9                        Cornelius testified in his defense that he went to the Ottens’ apartment to sell them marijuana, but initially left the drugs outside because he was concerned about “undercover work” and getting arrested.  According to Cornelius, he proceeded to the apartment and one of the brothers asked where the marijuana was.  Cornelius testified that when he turned to retrieve the drugs from outside, the brothers attacked him.  Cornelius denied taking a gun to the Ottens’ apartment and denied threatening or starting a fight with them.

10                        Cornelius argues that the State’s evidence failed to exclude the reasonable hypothesis that Cornelius deliberately chose not to chamber a round in order to avoid actually hurting anyone during the robbery.  Cornelius additionally contends that testimony of the “click” sound was insufficient to permit the inference that Cornelius actually pulled the trigger.  We are not persuaded.  Cornelius ignores the proper standard of appellate review and asks this court to substitute its view of the evidence and inferences therefrom for the jury’s.  Contrary to Cornelius’s arguments, this court need not exclude every reasonable hypothesis of innocence before upholding a jury’s verdict.  Rather, as noted above,  if there is a possibility that the jury “could have drawn the appropriate inferences from the evidence adduced at trial to find the requisite guilt,” we must uphold the verdict even if we believe that the jury “should not have found guilt based on the evidence before it.”  Poellinger, 153 Wis. 2d at 507.  Thus, if more than one inference can be drawn from the evidence, this court will follow the inference that supports the jury’s finding “unless the evidence on which that inference is based is incredible as a matter of law.”  Id. at 506-07.

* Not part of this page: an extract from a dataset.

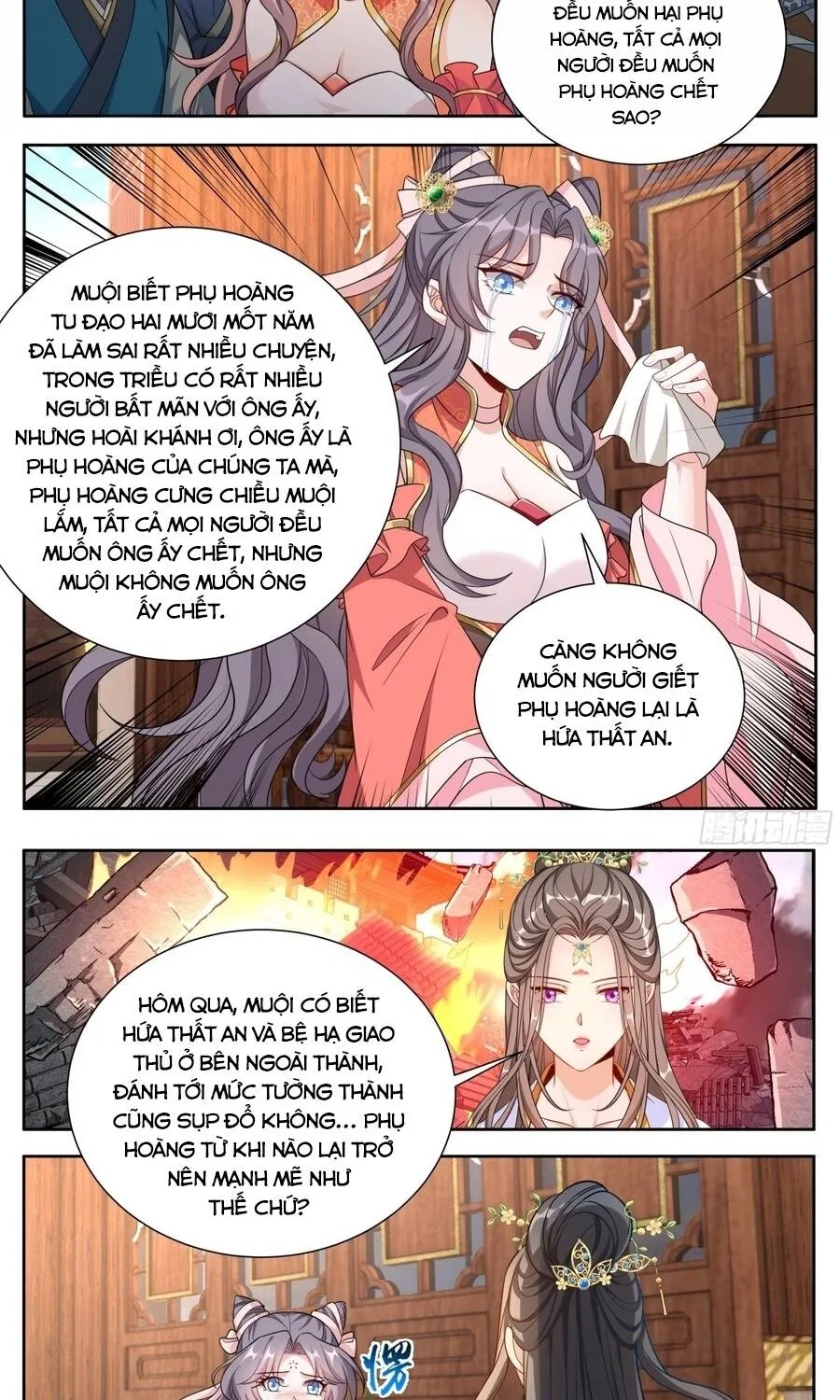 Chapter 660 - Trang 16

11                        To the extent Cornelius disputes any contrary testimony, it is the jury’s function to decide the credibility of witnesses and reconcile any inconsistencies in the testimony.  Toy, 125 Wis. 2d at 222.  The jury could reasonably infer that Cornelius attempted to kill Ronald when he pointed the gun at Ronald’s head and pulled the trigger, producing a “click” sound.  Rather than concluding that Cornelius never intended to chamber a round, the jury could infer that it was merely fortuitous that a bullet was not chambered.  Cornelius’s theory that testimony of the “click” sound was insufficient to permit the inference that Cornelius actually pulled the trigger fails for the same reason.  The jury could reasonably determine otherwise.  Moreover, Cornelius does not dispute the State’s claim that these theories were never presented to the jury.  An appeal is not a trial de novo at which the defendant can advance new theories of innocence after a jury has rejected the defendant’s initial defense.  The evidence at trial provided a sufficient basis upon which the jury could reject Cornelius’s interpretation of the evidence and convict him of attempted first-degree intentional homicide.

            By the Court.—Judgment affirmed.

            This opinion will not be published.  See Wis. Stat. Rule 809.23(1)(b)5.


 



[1]  All references to the Wisconsin Statutes are to the 2003-04 version unless otherwise noted.